Tanpa Mesin EUV? Tak Masalah
Produksi chip kelas atas saat ini hampir selalu bergantung
pada mesin litografi EUV (Extreme Ultraviolet) buatan perusahaan Belanda, ASML.
Sayangnya bagi China, mesin mutakhir ini masuk dalam daftar teknologi yang
dibatasi ekspornya akibat sanksi dari Amerika Serikat.
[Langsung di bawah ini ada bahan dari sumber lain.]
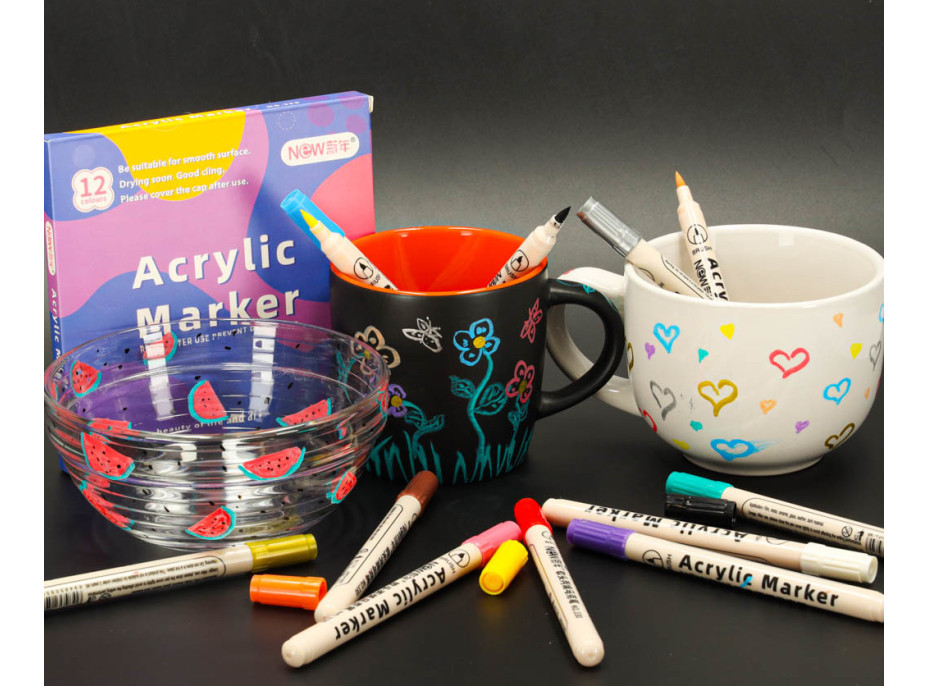 Akrylové vodeodolné DIY popisovače - 12 ks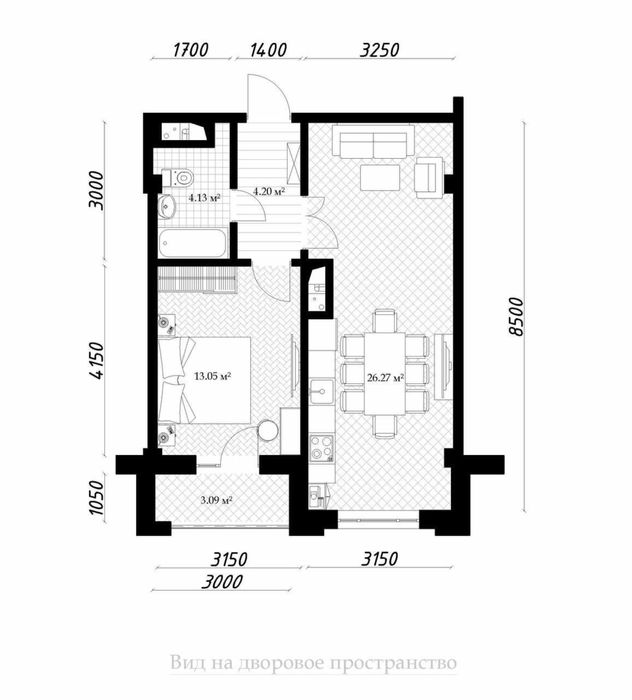 2-х комнатная квартира ЖК PARKENT AVENUE (коробка)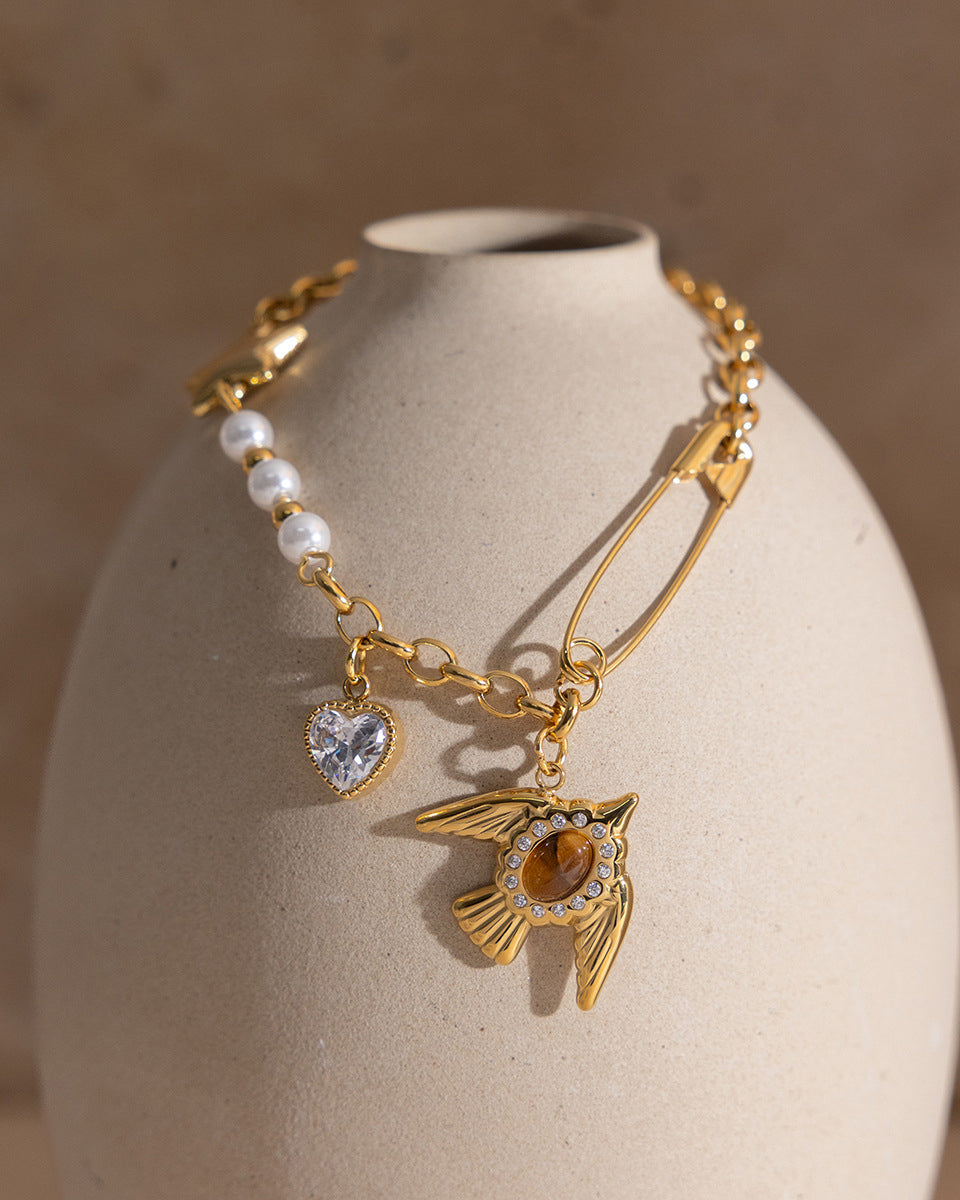 Dove & Tiger's Eye Multi-Charm Bracelet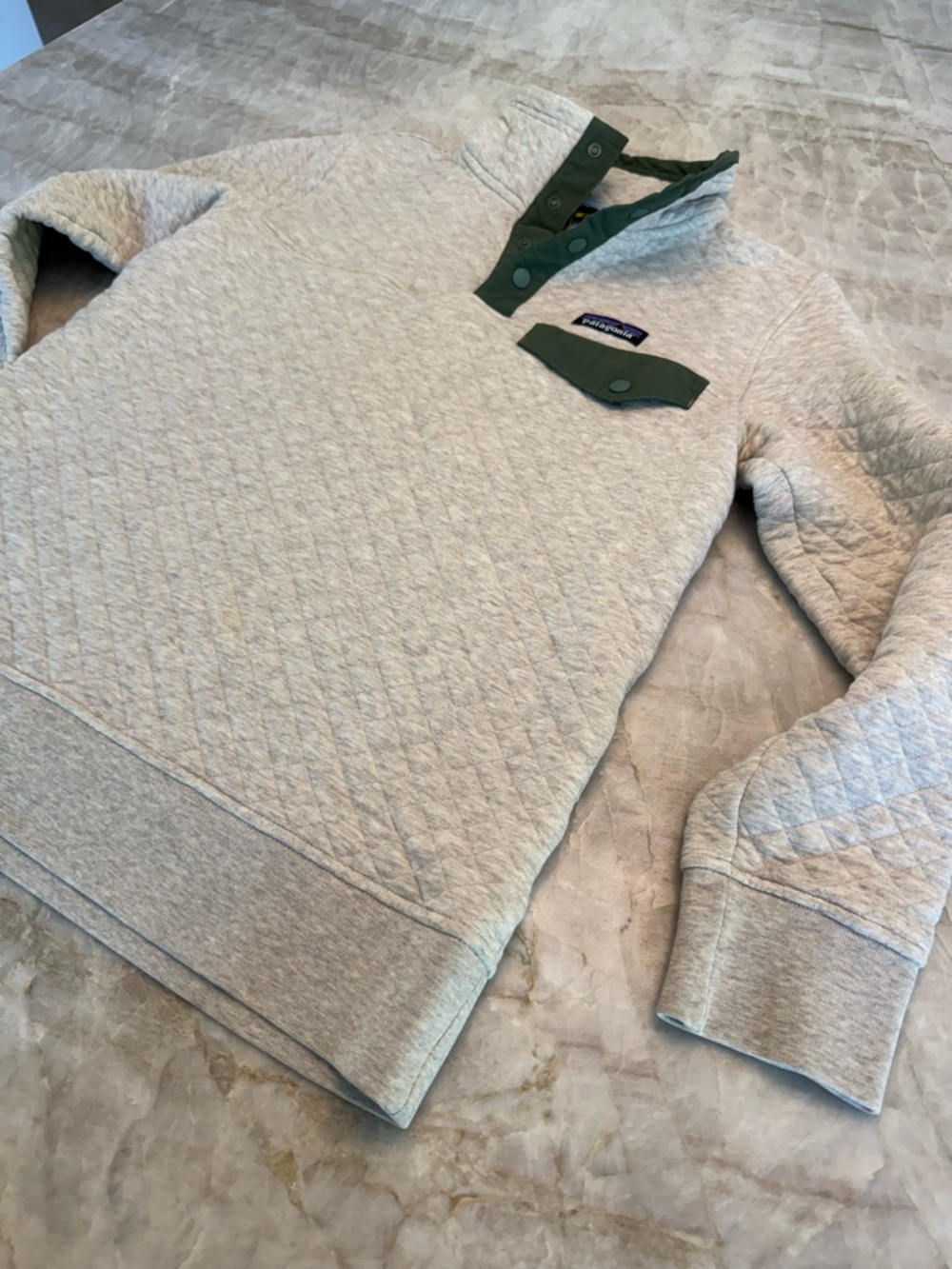 Patagonia Quilted Snap-T Pullover - Light tanwith Green Trim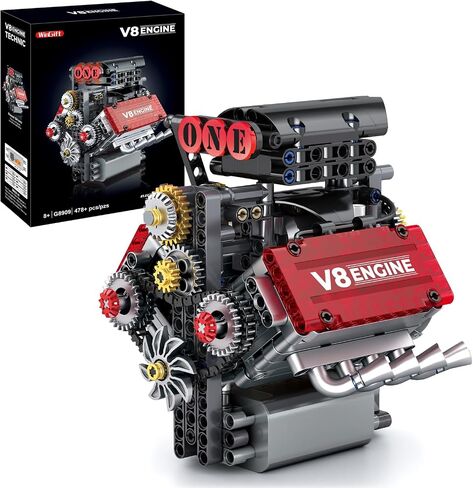 V8 Engine Building Set,V8 Engine Model kit That Run,Build Your Own STEM Mini V8 Model Engine Kit with Battery and Motor,8-Cylinder Car Engine Building Engineering Toys for Kids Adults(478PCS) in Kuwait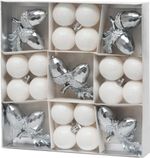 Baubles MagicHome Christmas, set, 21 pcs, white-silver, mix, for Christmas tree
Namun, bukannya berhenti di tengah jalan, perusahaan semikonduktor terbesar di China, SMIC (Semiconductor Manufacturing International Corporation), menemukan celah untuk terus melaju. Mereka mengandalkan teknologi lama bernama DUV (Deep Ultraviolet) yang secara umum dianggap sudah tertinggal untuk ukuran chip modern seperti 5nm.
Teknologi Lama, Strategi Baru
DUV sejatinya hanya dirancang untuk memproduksi chip di atas
14nm. Tapi dengan kombinasi rekayasa teknik, proses multi-patterning, dan
optimasi desain, para insinyur di SMIC berhasil mengubah batas menjadi peluang.
Hasilnya chip 5nm berhasil diproduksi meski dengan jalur yang tidak lazim.
Memang, metode ini bukan tanpa konsekuensi. Biaya produksi
kemungkinan membengkak, efisiensi sedikit terkorbankan, dan prosesnya jauh
lebih kompleks dibandingkan jika memakai mesin EUV. Namun, secara strategis,
langkah ini adalah pernyataan tegas bahwa China tak bergantung sepenuhnya pada
Barat untuk memajukan industri semikonduktornya.
Saat Teknologi dan Geopolitik Bertabrakan
Keberhasilan ini tidak bisa dilepaskan dari konteks yang
lebih luas: persaingan teknologi global yang semakin panas. Amerika Serikat
selama ini berusaha mengerem laju pertumbuhan teknologi China dengan berbagai
bentuk larangan ekspor dan pembatasan kerja sama teknologi strategis.
Namun, justru dari tekanan inilah lahir lompatan. Dengan memaksimalkan sumber daya dalam negeri, China tak hanya membuktikan kemampuan teknisnya, tetapi juga menunjukkan bahwa mereka siap membangun kedaulatan teknologi dalam jangka panjang.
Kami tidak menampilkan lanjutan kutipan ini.